Long‑term dividend investors care more about consistency and growth than short‑term capture plays. Companies with decades of annual increases (often called dividend aristocrats) offer lower headline yields but steadier compounding through reinvestment. Going after the highest yields on the calendar without digging into payment history or sector headwinds can lead to dividend cuts, one‑time specials that don’t recur, or capital losses that wipe out the income.
Dividend capture strategies (buying just before the ex date and selling right after) face execution risk, transaction costs, and tax issues. The stock price usually drops by the dividend amount, so you need favorable market conditions or volatility to actually profit. For taxable accounts, short holding periods can turn qualified dividends taxed at lower rates into ordinary income, cutting the net benefit of the payout.
Seven things to think about when using ex‑dividend calendars for portfolio planning:
- Review payout ratio and free cash flow to make sure the dividend is sustainable, not just high.
- Check how many consecutive years the company has paid to separate reliable income from one‑offs.

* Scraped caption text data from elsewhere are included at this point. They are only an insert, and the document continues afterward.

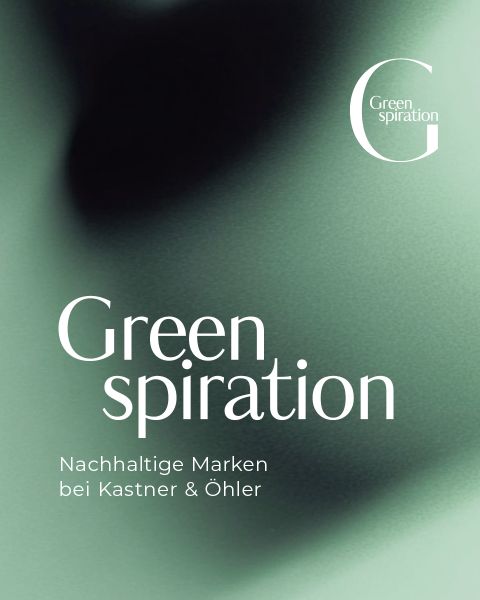 Grüner, abstrakt strukturierter Hintergrund mit dem Text: "Greenspiration. Nachhaltigkeit bei Kastner & Öhler" in weißer Schrift.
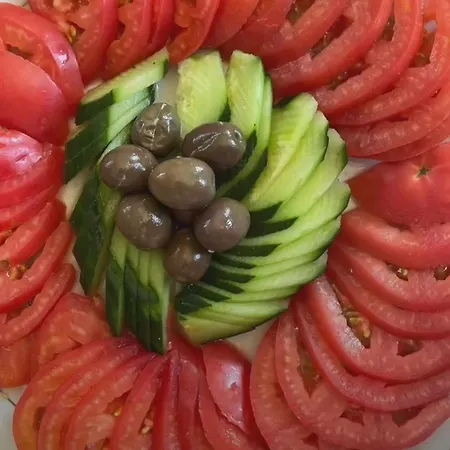 St.pauli 3* شكودر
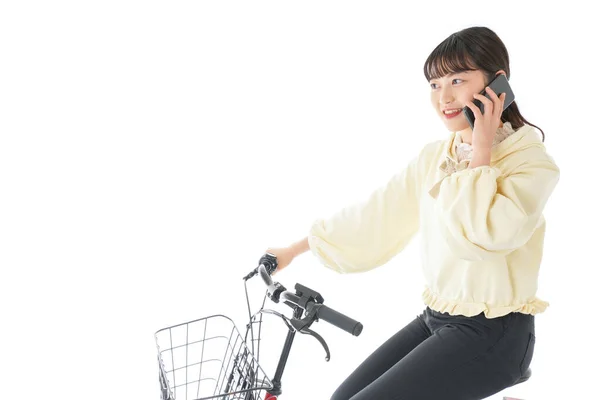 Bisikletli Genç Kadın Akıllı Telefon Kullanıyor — Stok fotoğraf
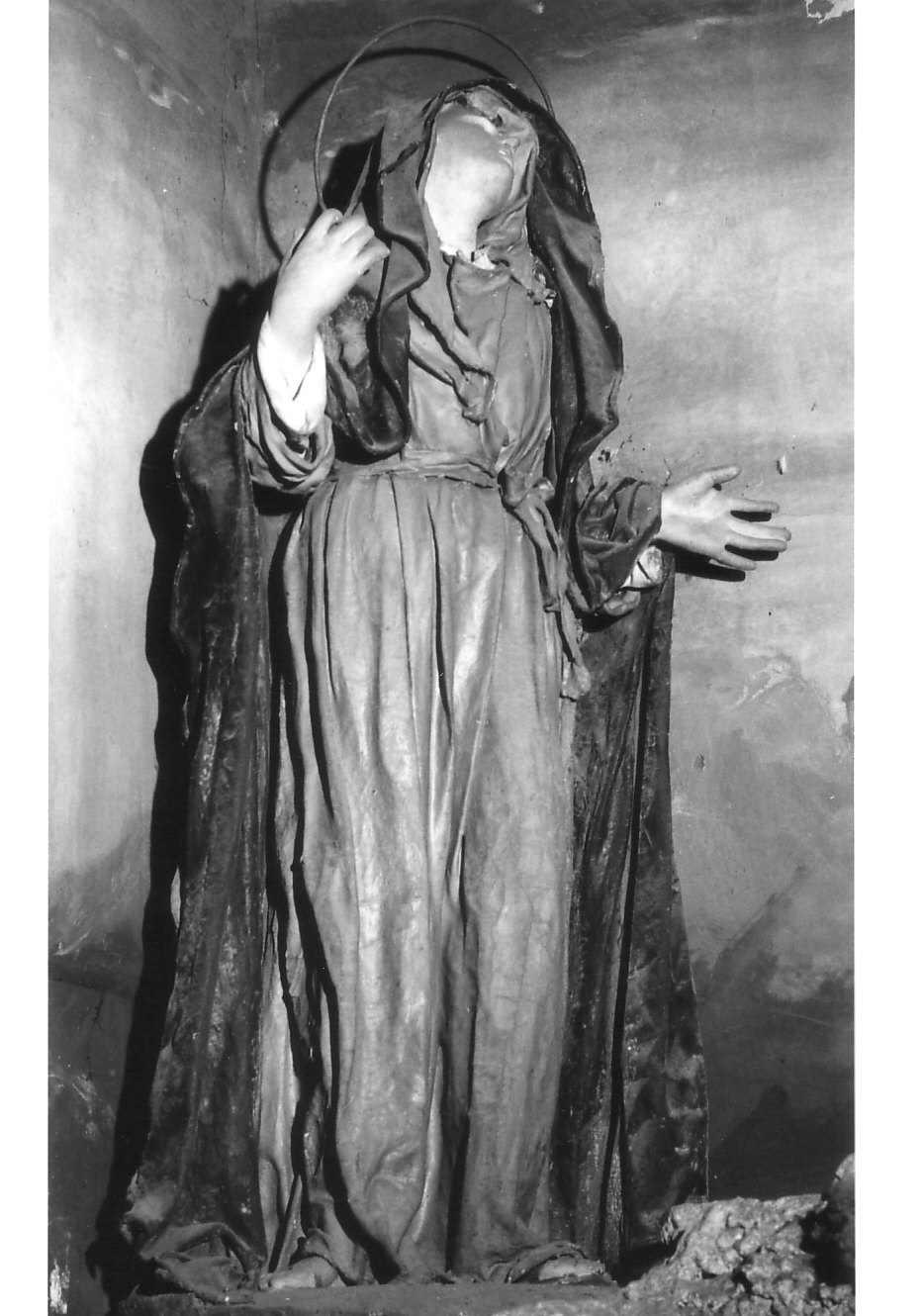 Madonna (statua, opera isolata) - bottega lombarda (sec. XVIII)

- Compare dividend growth rates across peers to spot companies raising payouts faster than inflation.
- Spread across sectors to reduce exposure to industry‑specific cuts (energy, retail, etc.).
- Understand tax treatment. Qualified dividends require a 60‑day holding period around the ex date.
- Watch total return, not just yield. Capital appreciation or depreciation affects your actual income.
- Line up ex‑dividend timing with cash‑flow needs or reinvestment schedules to optimize compounding.
Final Words
The calendar gives a clean list of tickers, ex‑dividend dates, amounts and yields so you can scan payout opportunities fast.
We explained how timing and record mechanics affect eligibility, plus filters and workflows to narrow choices. Methodology and strategy sections cover data sourcing and longer-term planning so you don’t chase dates blindly.
Use the upcoming ex dividend dates as a practical planning tool, apply filters, watch record dates, and fold this into a measured dividend strategy. Small, steady steps can build reliable income.
FAQ
Q: How much money do you need to make $100,000 a year in dividends?
A: To make $100,000 a year in dividends, divide $100,000 by your portfolio yield. At 4% you’d need about $2.5M; at 6% roughly $1.67M; at 8% about $1.25M.
Q: Which are the upcoming dividend stocks?
A: The upcoming dividend stocks are those listed on an ex‑dividend calendar; check the calendar for tickers, ex‑dates, payout amounts, and yields, then filter by date, yield, or sector to find fits.
Q: Is it better to buy before or after the ex-dividend date?
A: Whether to buy before or after the ex‑dividend date depends on your goal: buy before to receive the payout, but expect a price drop near the dividend amount; long‑term investors focus on fundamentals instead.
Q: What is the most likely ex-dividend date?
A: The most likely ex‑dividend date is the date the company announces in its filing and posts on exchange calendars; you can’t reliably predict it before the official announcement.